Le montant de la souscription au capital social, peut être déduit du revenu taxable du contribuable, dans une limite annuelle de 150.000 euros par an.

La déduction s’échelonne de la manière suivante :

  • 30/40° de la souscription au titre de l’année de versement ;
  • 10/40° au titre de la 4° année suivant celle au cours de laquelle l’investissement est réalisé. La société doit justifier avoir augmenté son effectif ou avoir effectué des dépenses de R&D.

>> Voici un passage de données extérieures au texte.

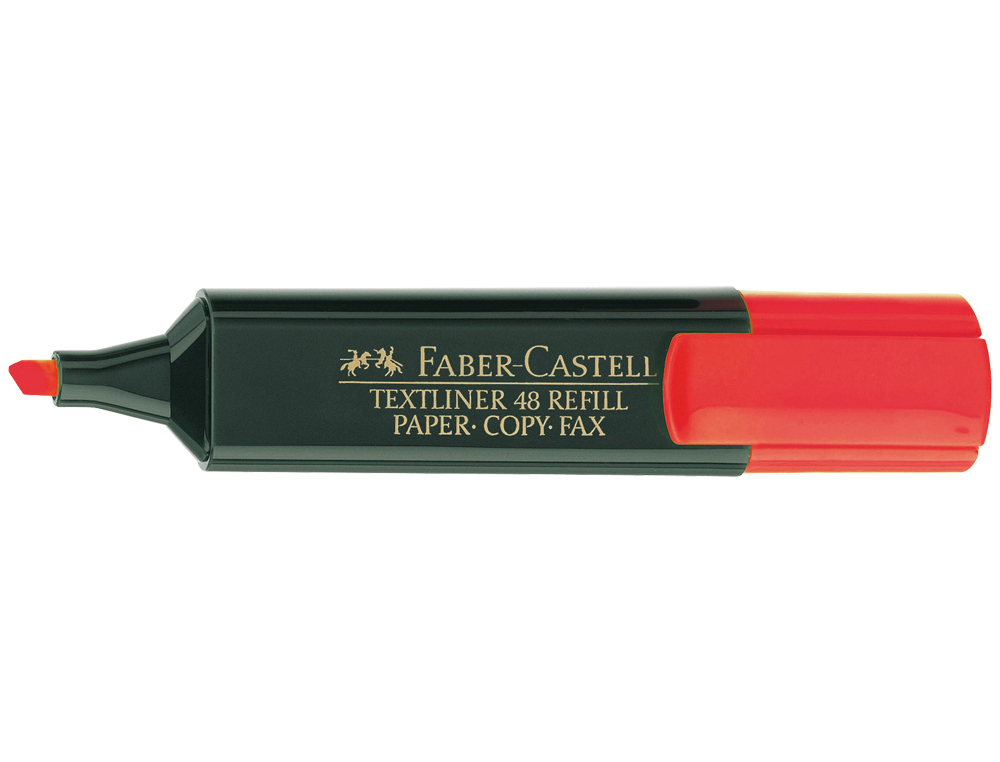 Rotulador faber fluorescente 48-21 rojo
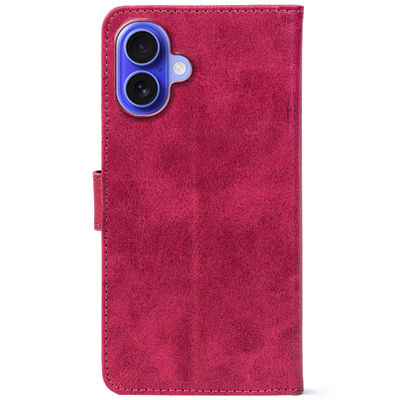 Чохол-книжка Crazy Horse Clasic для Apple iPhone 16 Plus Magenta (Front)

Les principales conditions à respecter pour bénéficier de l’avantage fiscal sont listées ci-dessous :

1. Contribuables éligibles

L’investisseur ne doit pas être connecté avec la société. Cette notion recoupe un certain nombre de situations comme par exemple le fait de détenir plus de 30% du capital social ou des droits de vote de la société.

2. Titres éligibles

Les parts sociales doivent être nouvellement créées, c’est à dire correspondre à une augmentation de capital dans la société bénéficiaire. Elles doivent en outre représenter des titres ordinaires, les parts à dividendes prioritaires étant exclus.

3. Conditions relatives à la société

– La société peut être implantée en Irlande ou dans un Etat de l’espace économique européen. Elle doit en revanche avoir une activité économique en Irlande (succursale ou filiale). Elle ne doit pas être côtée.

– La société doit être une micro, une petite ou une moyenne entreprise, au sens communautaire du terme. Les critères de taille sont détaillés ci-dessous.

Catégorie

Salariés

Chiffre d’affaires

Total bilan

Micro entreprise

10

2.000.000 €

2.000.000 €

Petite entreprise

50

10.000.000 €

10.000.000 €

Moyenne entreprise

250

50.000.000 €

43.000.000 €

– L’activité de la société doit être de nature commerciale. En revanche, certains secteurs sont exclus du dispositif, comme par exemple, les activités financières et de courtage, les hotels et autres établissements d’hébergement ou encore la production cinématographique.